[DATASET EXTRACT — start]
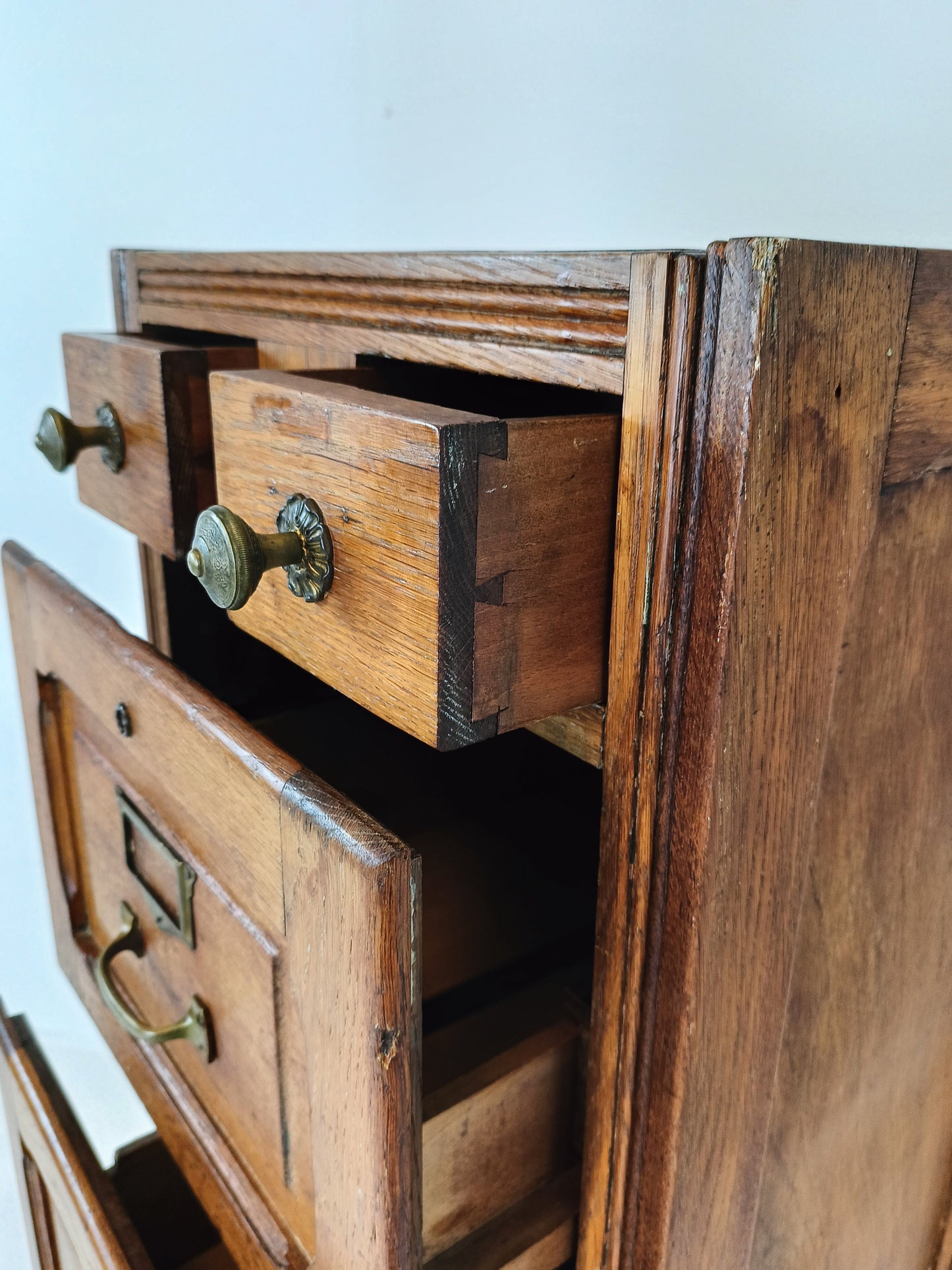 Exclusive Antique Filling Cabinet In Oak Wood Exclusive Antique Filling Cabinet In Oak Wood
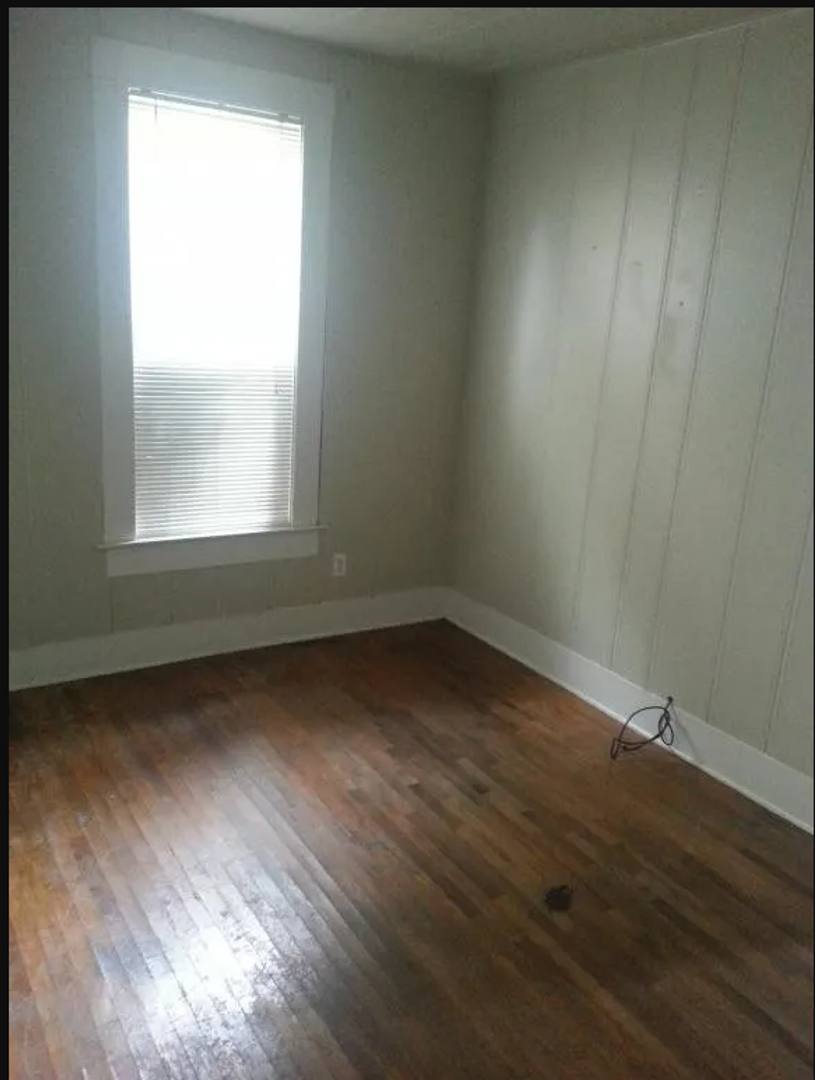 Apartment for rent at 958 SE Pine St, Roseburg, OR 97470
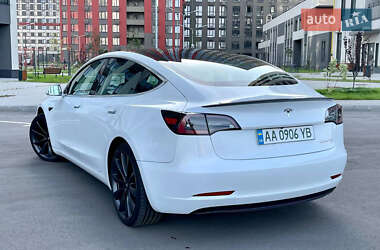 Седан Tesla Model 3 2020 в Києві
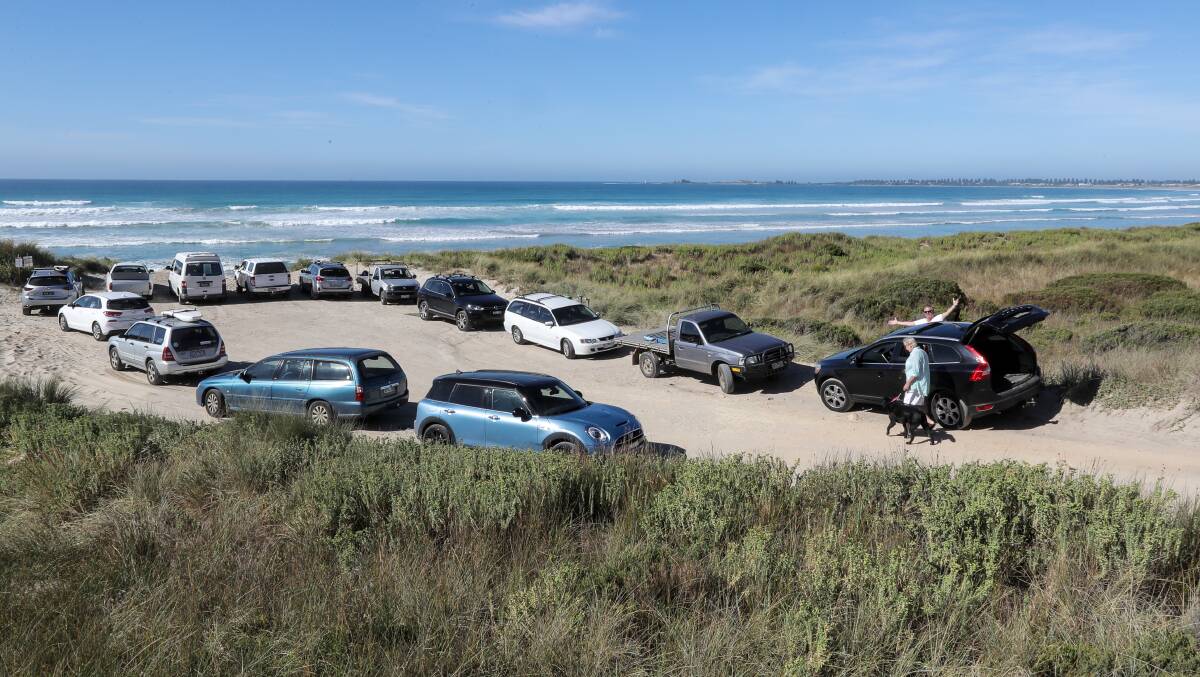 Full car park at Golfies in Port Fairy, without any horse transport vehicles. Picture: Rob Gunstone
[DATASET EXTRACT — finish]
Where a picture appears in the data, omit it; restate the rest word for word.

 Exclusive Antique Filling Cabinet In Oak Wood Exclusive Antique Filling Cabinet In Oak Wood
 Apartment for rent at 958 SE Pine St, Roseburg, OR 97470
 Седан Tesla Model 3 2020 в Києві
 Full car park at Golfies in Port Fairy, without any horse transport vehicles. Picture: Rob Gunstone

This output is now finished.